The Story: The Kirby art almost makes this thing readable, but on a story level it really fails. It spends the first couple of pages giving us the new status quo, then a few pages on the adventure that inspires Iron Man to repaint his armour, and so when we finally get to Gargantus we only have seven pages left, just over half the story. And once we do the whole thing just falls apart on any kind of sense-making level. You can see they are still ironing out the kinks in the Marvel Bullpen, sort've taking a "throw everything at the wall and see what sticks" approach, but it doesn't excuse how lame this is. I mean, at least Stan realized that a giant hypnotizing Neanderthal trying to take over the world is a little farfetched -- but were generic UFO aliens the best explanation you could muster? And the fact that Iron Man deduces it all so easily just because Gargantus tried to hypnotise him on a cloudy day? And everyone reacts to "oh, it was just aliens" as if that was the most reasonable thing in the world when really you think that would be waaay freakier. Once again Stan's plot is scripted by someone else, this time Robert Bernstein, who's credited as "R. Berns" for probably much the same reason we don't call the man "Stanley Lieber". Bernstein was actually the main writer of the Silver Age Aquaman and a really talented guy, but his script here is just workmanlike, doing an amiable job of fleshing out Stan's plots and Jack's pencils, but nothing more.
Stark Science: Stan's misunderstanding and exaggeration of "transistors" continues here, and with Bernstein's help they basically just become magic -- I have no idea how electrical current amplifiers, even miniaturized, can cause solid metal to become foldable and collapseable. Other gadgets introduced on the suit this issue are pretty standard: public address speakers, a drill, the ability to electrify the skin of the suit, etc. 

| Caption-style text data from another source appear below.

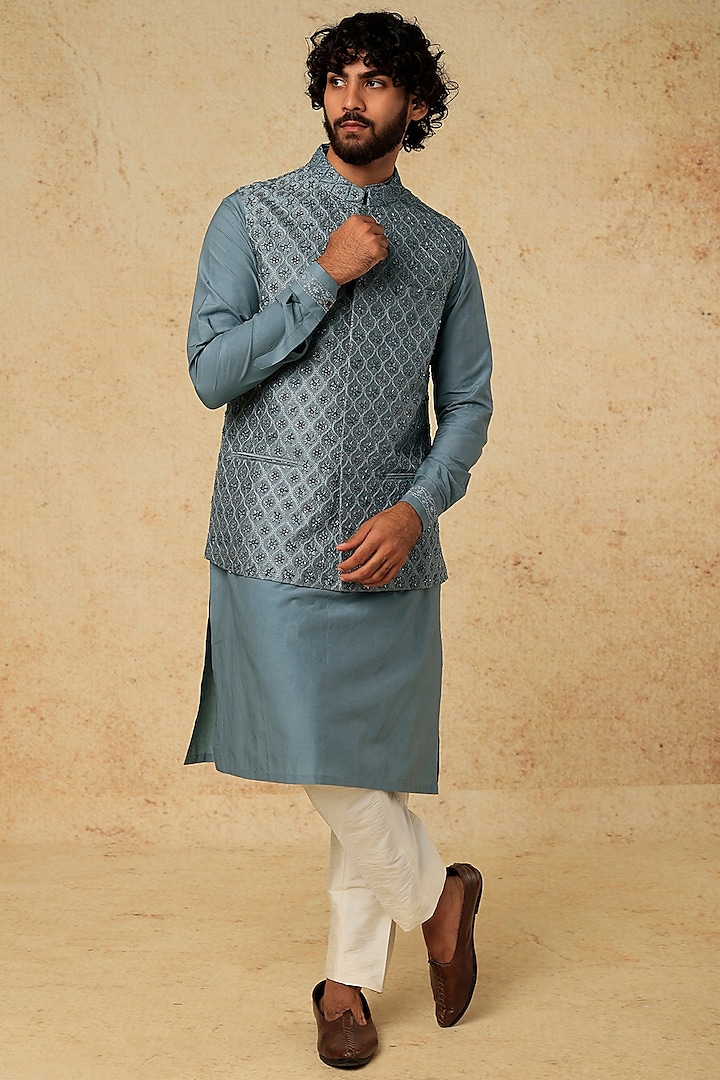 Dusty Blue Cotton Silk Bundi Jacket With Kurta Set by Mirroir Men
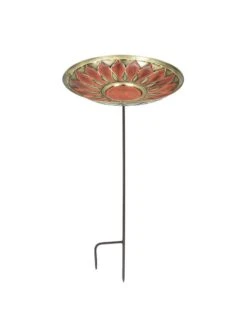 Achla Designs Red African Daisy Birdbath With Stake 5 Achla Designs Red African Daisy Birdbath With Stake -OW Garden Decor Shop 8609300 02v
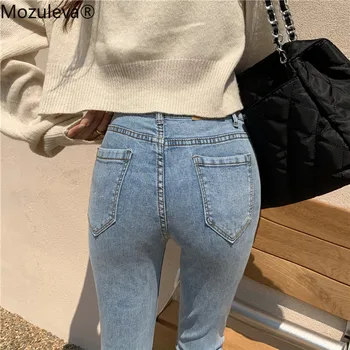 Mozuleva Skinny Kavbojke Ženske Slim Push Up Ulične Ženska Jeans Visoko Pasu Bodycon Trdna Svinčnik Hlače Mujer Korejskem Slogu 2020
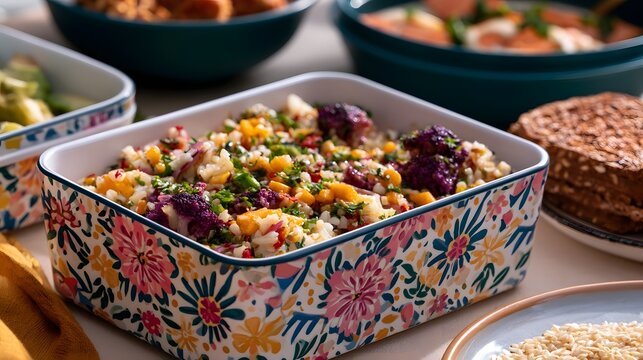 Vibrant and exotic meal prepa n containers feature playful contrasts of warm sunlight and cool tones creating a peaceful and energetic aesthetic
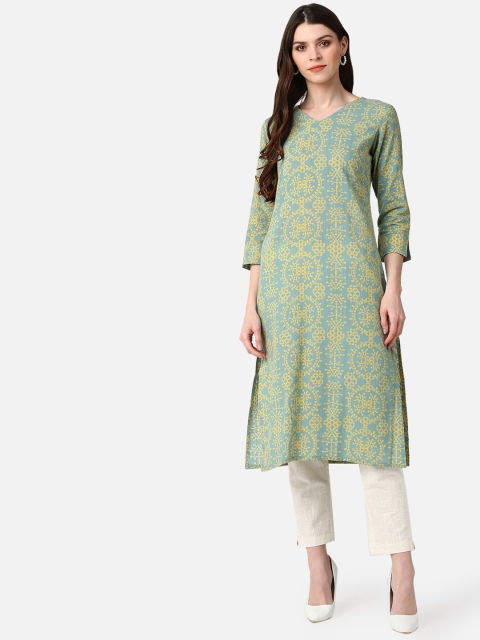

AHIKA Women Teal & Yellow Ethnic Motifs Printed Kurta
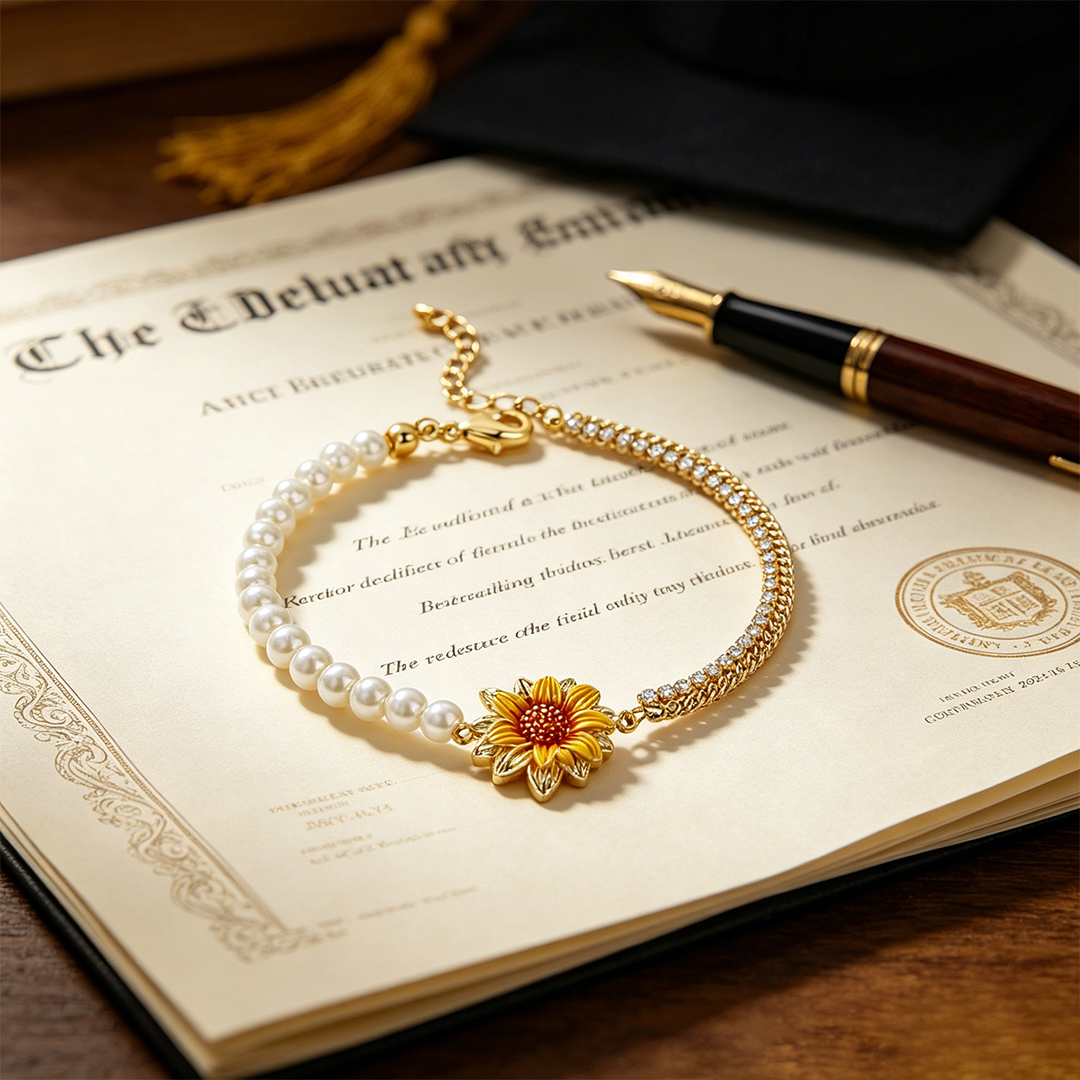 Happy Graduation Sunflower Pearl Bracelet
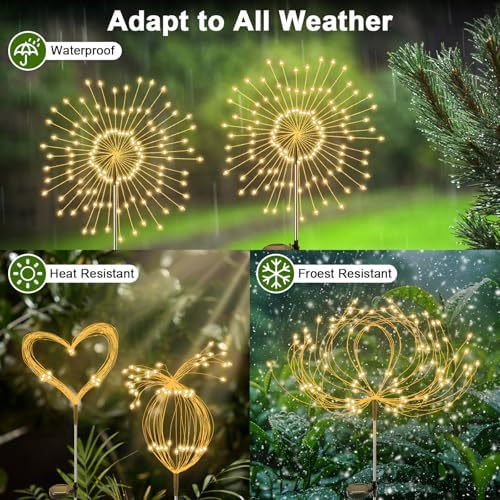 Solar Garden Lights Outdoor, 2 Pack 120 LED Twinkling Firework Lights Decorative with 2 Modes, Outdoor Waterproof Solar Starburst Light for Outside Yard Pathway Garden Decor, Warm White - Image 3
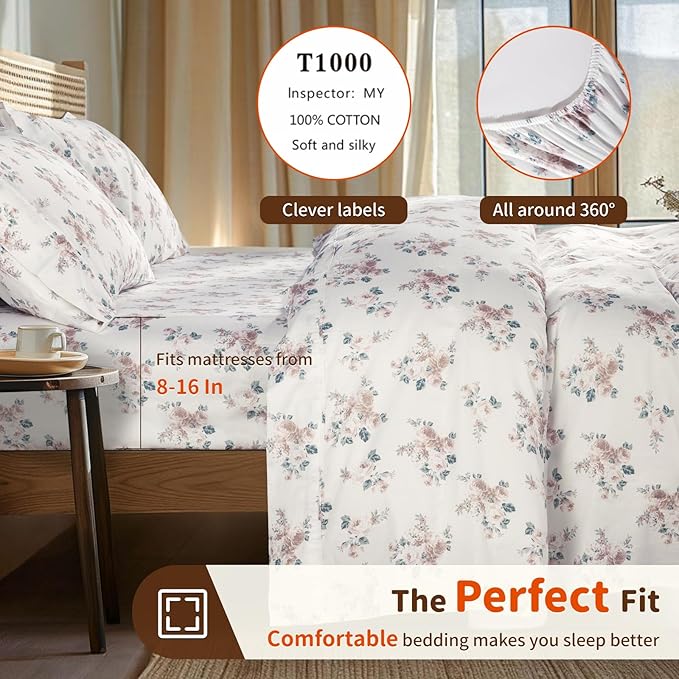Bed Sheet Set - King - 16 in Deep Pocket - 4 Piece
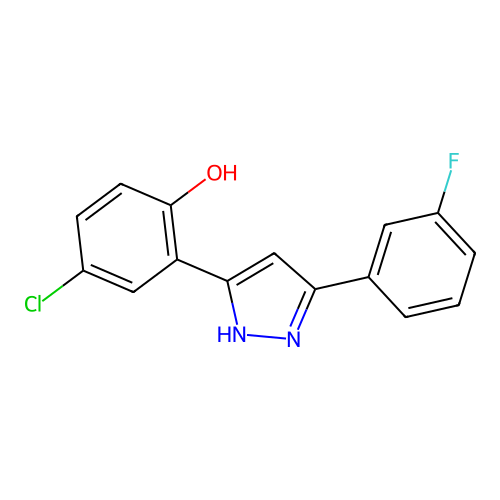 4-chloro-2-[3-(3-fluorophenyl)-1H-pyrazol-5-yl]phenol structure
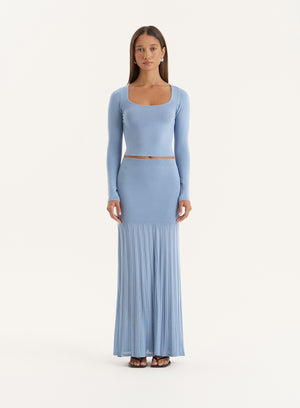 Blue Knitted Drop Waist Maxi Skirt- Nancy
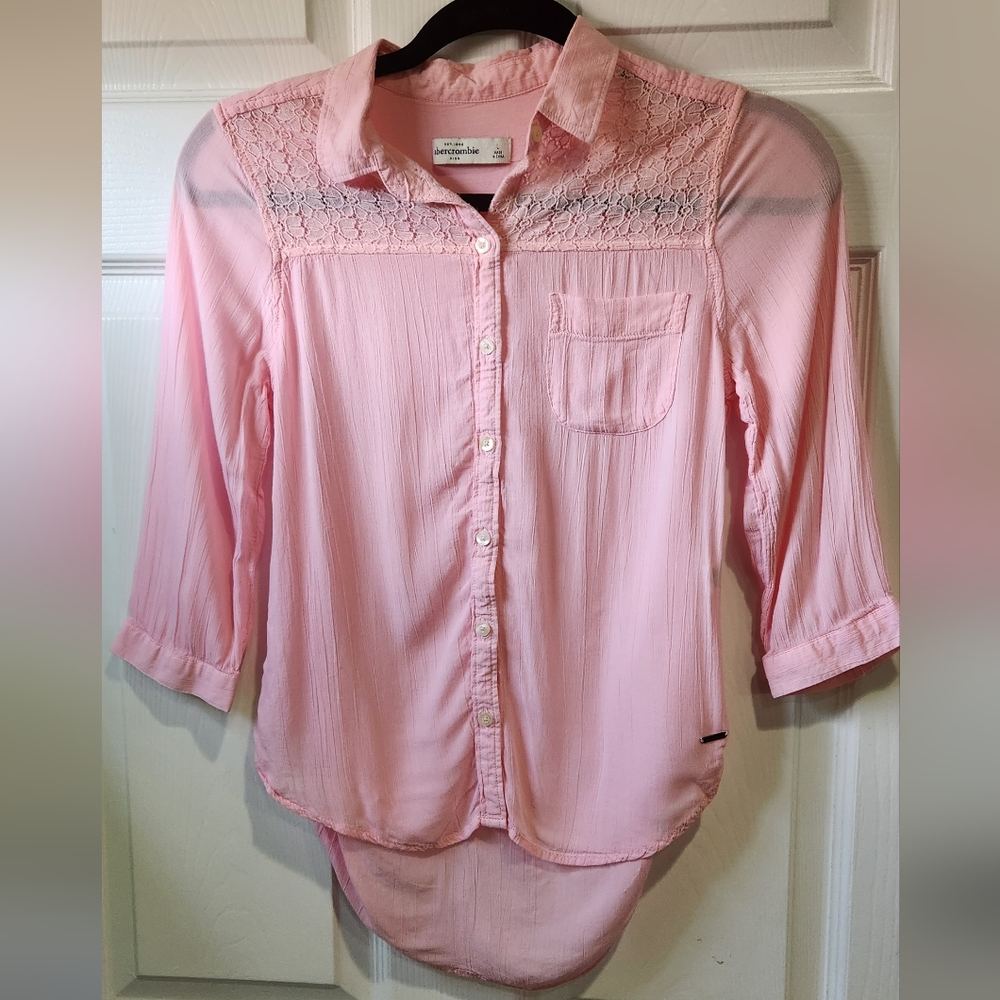 Abercrombie kids pink sheer blouse size L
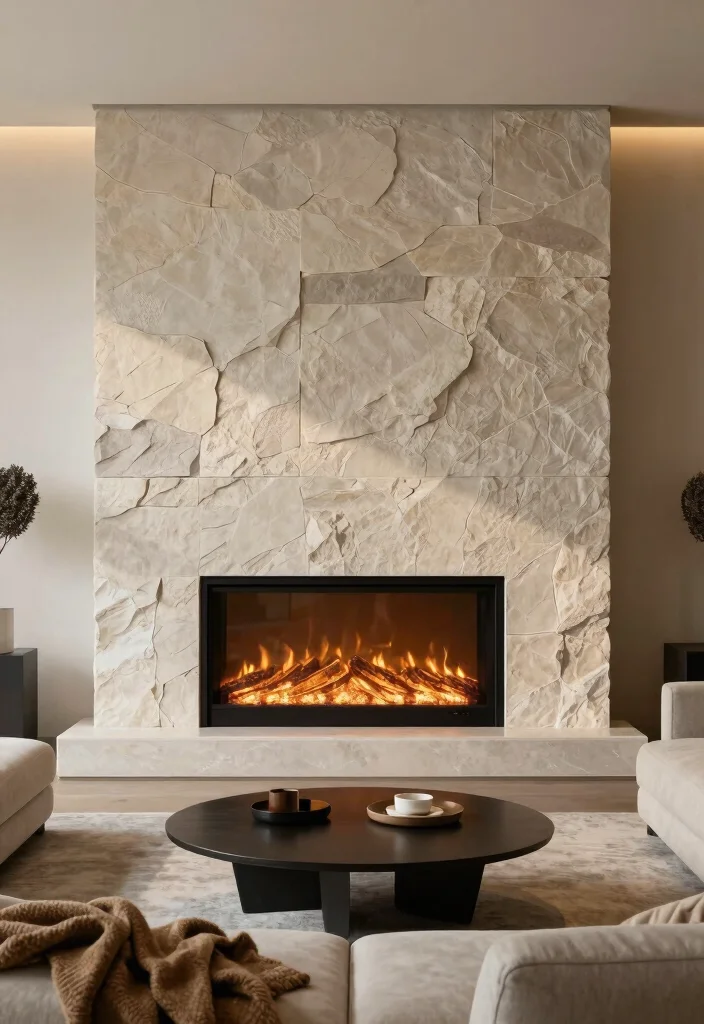 12 Built In Electric Fireplace Ideas for Modern Living Rooms 4. Minimalist Stone Surround 0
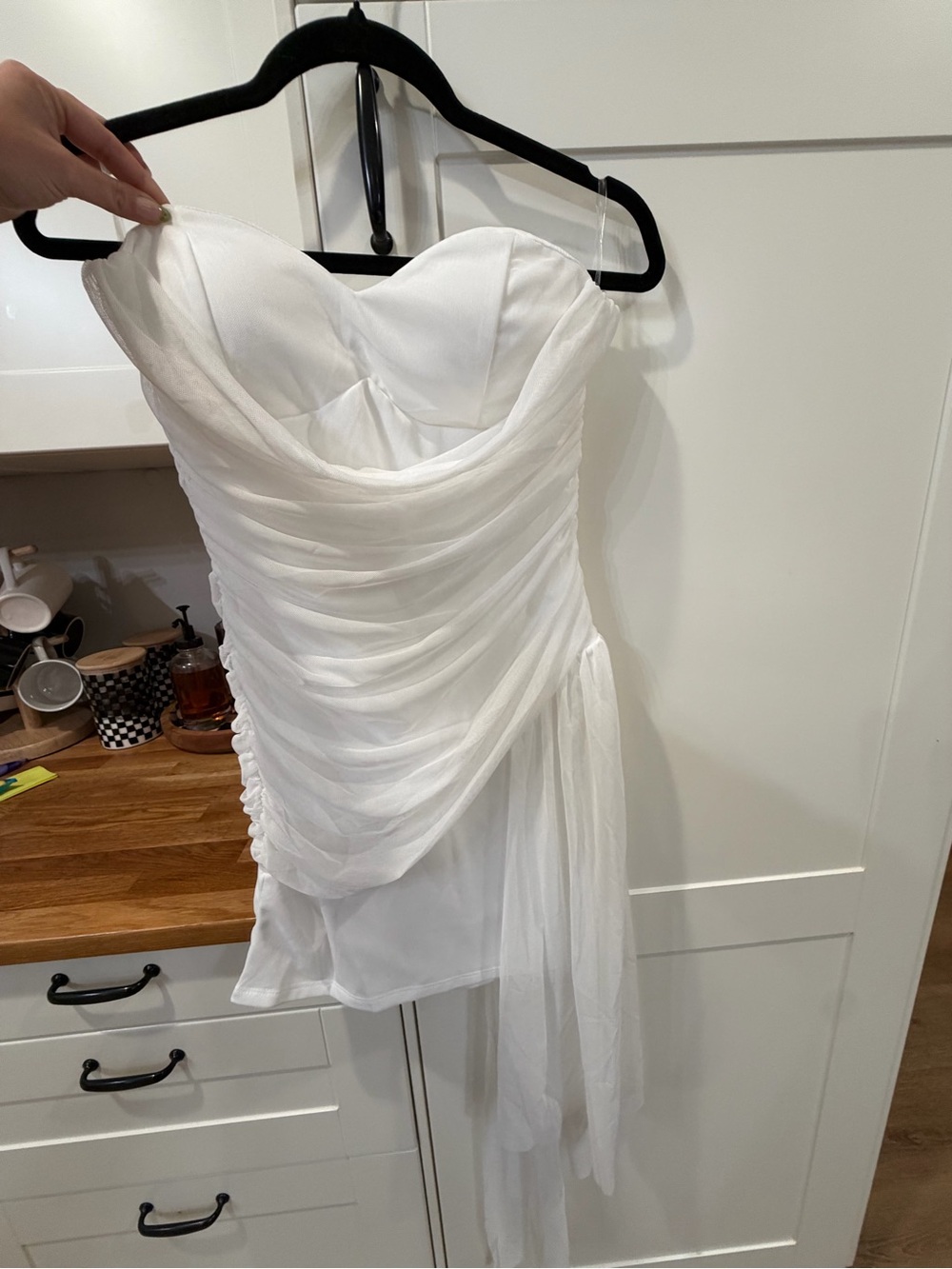 Fashion Nova Strapless White Draped Sweetheart Cocktail Dress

I have no idea where Stan got the idea that hypnosis works by the hypnotist reflecting light from their eyes into the eyes of their subject. Classical hypnotic induction actually works by getting the subject to focus on a bright object so that their mind is focused while their eyes and sense actually wear out from the strain.
Notes and Trivia: Based on a suggestion from a girlfriend, Tony spraypaints the Mark I gold, beginning the "Golden Avenger" look for Iron Man (although he won't be an Avenger for five more months). The suit also gains a metal miniskirt that goes unremarked upon, completing the look of the MARK I MOD 1.